I added a SolverEventListener to the Solver, and it is only called once at the very end of the solving.
I thought maybe there was a problem with cloning of the Solution, so I created my own SolutionCloner. It is called once at the beginning, and twice at the end. Since it is called so infrequently, I suspect the solver uses the first Solution clone as the best score, tries to copy the values from the current Solution iteration to the best Solution, but given that the SolverEventListener is only called once, that may indicate that it is not recognizing the best solution.
I tried simplifying to a HardSoftScore by combining Hard and Medium values, but the behavior is the same.
I tried calling solverConfig.setEnvironmentMode(EnvironmentMode.NON_INTRUSIVE_FULL_ASSERT); (yes, I'm programatically creating the SolverConfig, but the behavior does not change.
Relevant Code Snippets
Subset of the CrewAssignment #PlanningEntity:
#PlanningEntity
public final class CrewAssignment
{
private Long crewMemberId;
#PlanningVariable(valueRangeProviderRefs = {"crewMemberId"})
public Long getCrewMemberId() { return crewMemberId; }
public void setCrewMemberId(Long value) { crewMemberId = value; }
#Override
protected CrewAssignment clone()
{
CrewAssignment newAssignment = new CrewAssignment(getActivities());
newAssignment.setCrewMemberId(crewMemberId);
return newAssignment;
}
}
Subset of the Solution:
#PlanningSolution(solutionCloner = CrewSchedSolutionCloner.class)
public final class CrewSchedSolution
{
private final List<Long> crewMemberIds;
#ValueRangeProvider(id="crewMemberId")
#ProblemFactCollectionProperty
public List<Long> getCrewMemberIds() { return crewMemberIds; }
// assignments
private List<CrewAssignment> crewAssignments = new ArrayList<>();
#PlanningEntityCollectionProperty
public List<CrewAssignment> getCrewAssignments() { return crewAssignments; }
HardSoftScore score;
#PlanningScore
public HardSoftScore getScore() { return score; }
public void setScore(HardSoftScore value) { score = value; }
public CrewSchedSolution cloneSolution()
{
List<CrewAssignment> newCrewAssignments = new ArrayList<>(crewAssignments);
for (int i = 0; i < newCrewAssignments.size(); i++)
{
CrewAssignment existingAssignment = newCrewAssignments.get(i);
CrewAssignment newAssignment = existingAssignment.clone();
newCrewAssignments.set(i, newAssignment);
}
return new CrewSchedSolution(/* Various additional data */,
crewMemberIds,
newCrewAssignments, score);
}
}
The SolutionCloner:
public final class CrewSchedSolutionCloner
implements SolutionCloner<CrewSchedSolution>
{
#Override
public CrewSchedSolution cloneSolution(CrewSchedSolution originalSolution)
{
return originalSolution.cloneSolution();
}
}
Summary
I have run out of obvious (to me) ways to debug this further. It kind of feels like the good values are getting written over, but I can't prove that yet. I might be able to come up with a way of saving the values set in the CrewAssignment #PlanningEntity just to get it to work, but it seems like that is something OptaPlanner was designed to be able to handle.
The problem is too large to post a SSCCE. I have posted what I think might be relevant. Let me know if there is any other part of the code you would need to see. Thanks in advance!
P.S. I realize this may be a duplicate of OptaPlanner return the best score but not its associated solution, but the original poster never followed up with the posted answer.
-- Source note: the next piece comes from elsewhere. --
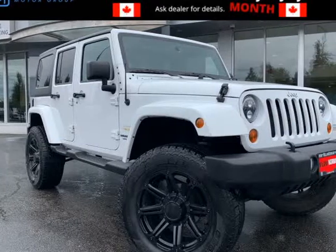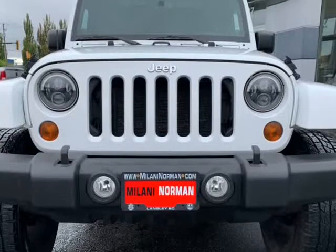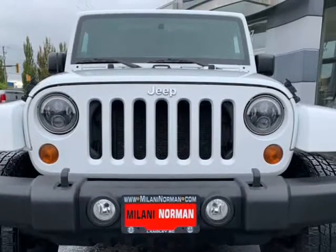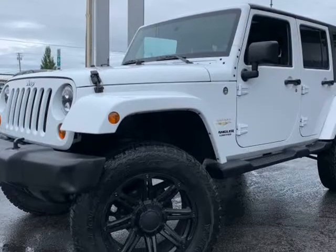This 2013 Jeep Wrangler Unlimited is brought to you by Fraser Valley Truck Center. Climb inside the 2013 Jeep Wrangler Unlimited — comfortable and safe in any road condition.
if I increased the time available, the score would sometimes get worse! That is impossible (if it gets more steps in the second run, which it should, and it is a reproducible run, which it is).
Does the DEBUG log show it's running more "LS step" lines? If it does, you might have score corruption, but NON_INTRUSIVE_FULL_ASSERT or FULL_ASSERT would detect that if they run long enough (much longer than without because they are slower).
Normally, optaplanner runs are 100% reproducible, given the same amount of steps (~ same amount of time give or take a few steps). Check your DEBUG log if that's the case. Simulated Annealing isn't reproducible, but that's off by default.
OptaPlanner Benchmark is your best friend. Especially the BEST_SCORE graph and the score calculation speed number. Run it 4 times longer, so you can see how the BEST_SCORE graph behaves if given more time. Also, subSingleCount might be an interesting thing to turn on here, to see how sensitive the optimization is to a good random seed (it shouldn't be).

Ow, wait. You wrote your own solution cloner? That's probably it, because solution cloners are extremely difficult to write correctly. Disable that and see what happens.
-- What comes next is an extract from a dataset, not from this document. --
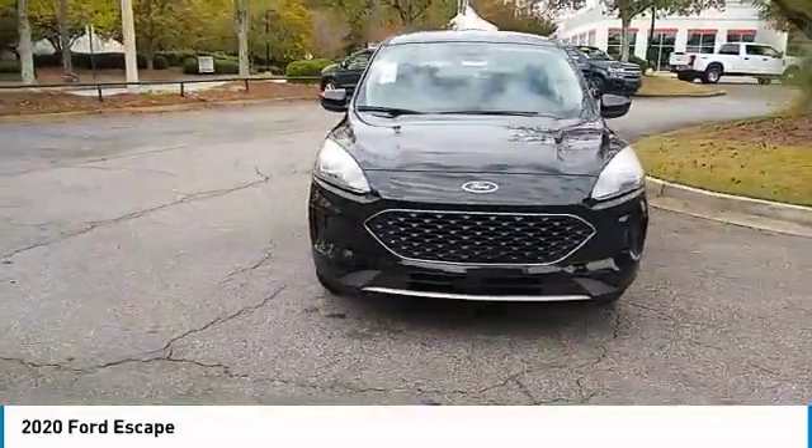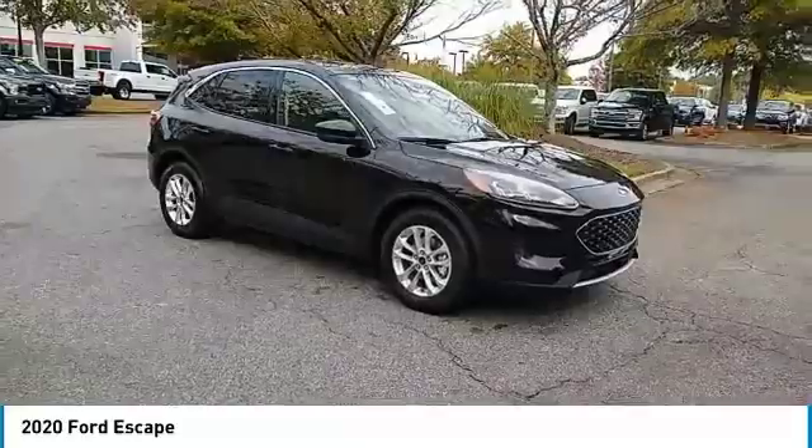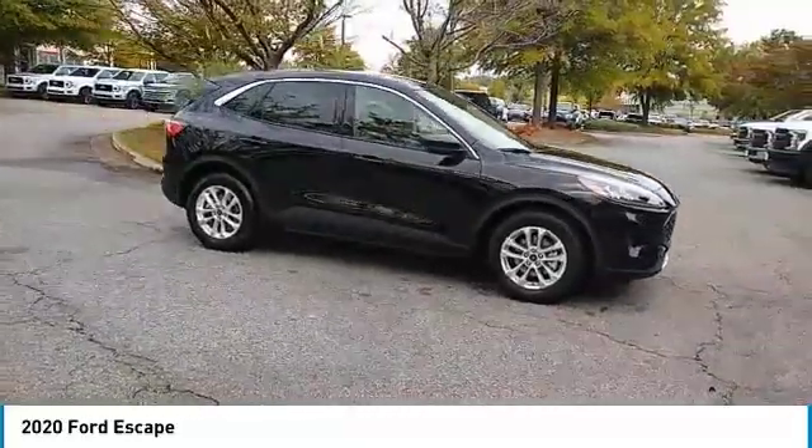Take a ride in the 2020 Escape. Gas engines flex, tow, sip, and go with Ford Escape.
OptaPlanner was (of course) working correctly. I had a conceptual misunderstanding.
I was focusing on the Scores I was calculating, and not focusing on the scores that OptaPlanner was actually using. OptaPlanner can augment the Scores that are returned from the scoring function by adding an "init" value representing the number of uninitialized #PlanningVariables. Scores that had 0 Hard and Medium scores may have looked reasonable, but may still be uninitialized, which takes precedence over Hard/Medium/Soft values.
Once the duration of the simulation was set sufficiently high, all #PlanningVariables were being set. No scores with init of 0 were created after that, and completed optimized solutions (whether infeasible or feasible) were computed.
See the steps Geoffrey outlined for debugging. If you are using JDK logging, you may have to add slf4j-api and slf4j-jdk14 jars to your path.
See the documentation, section 2.3.6 "Gather the domain objects in a planning solution", where it describes the difference between an "uninitialized", "infeasible", and "feasible" solution.
Note: It appears that the solver does not notify SolverEventListeners when the best solution so far is uninitialized.

Where does the KeY verification tool shine?

What are some code examples demonstrating KeY’s strength?
Details
With so many Formal Method tools available, I was wondering where KeY is better than its competition, and how? Some readable code examples would be quite helpful for comparison and understanding.
Updates
Searching through the KeY website, I found code examples from the book — is there a suitable code example in there somewhere?
Furthermore, I found a paper about the bug that KeY found in Java 8’s mergeCollapse in TimSort. What is a minimal code from TimSort that demonstrates KeY’s strength? I do not understand, however, why model checking supposedly cannot find the bug — a bit array with 64 elements should not be too large to handle. Are other deductive verification tools just as capable of finding the bug?
Is there an established verification competition with suitable code examples?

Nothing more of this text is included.